RUA Life Sciences PLC

11 December 2020

RUA Life Sciences plc

("RUA", the "Company" or the "Group")

Unaudited Interim Results

RUA Life Sciences plc (AIM: RUA), the holding company of a group of medical device businesses focused on the exploitation of Elast-Eon™, a long-term implantable biostable polymer, announces its unaudited interim results for the six months ended 30 September 2020.

Highlights

·        Industry trends highlighting opportunities for non-biogenic materials

·        Products on schedule for regulatory submission in 2021

·        Positive testing on polymeric heart valve

·        The Group's cash continues to be well managed with cash at 30 September 2020 of £1,009,000 (31 March 2020: £1,976,000) and £1,440,000 at 30 November 2020

Bill Brown, Executive Chairman of RUA Life Sciences, said:

"A huge amount has been achieved by the team at RUA over the period and the business is now poised to successfully commercialise the vascular grafts and further develop our pioneering work in polymeric heart valves."

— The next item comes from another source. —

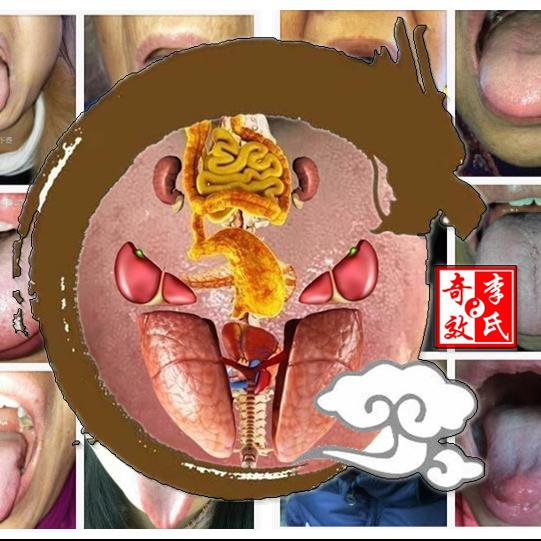【正常舌與舌診的注意事項(四)】在線收聽_李氏奇效醫學_荔枝fm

For further information contact:

RUA Life Sciences plc                                                               Tel: +44 (0)7730 718296

Bill Brown, Executive Chairman                                                    

Shore Capital                                                                           Tel: +44 (0)20 7408 4090

Tom Griffiths / David Coaten                                                         

A copy of this announcement will be available shortly at www. rualifesciences.com/investor-relations/regulatory-news-alerts.

About RUA Life Sciences

The RUA Life Sciences group was created in April 2020 when RUA Life Sciences Plc (formerly known as AorTech International Plc) acquired RUA Medical Devices Limited to create a fully formed medical device business. RUA Life Sciences is the holding company of the Group's four trading businesses, each exploiting the Group's patented polymer technology.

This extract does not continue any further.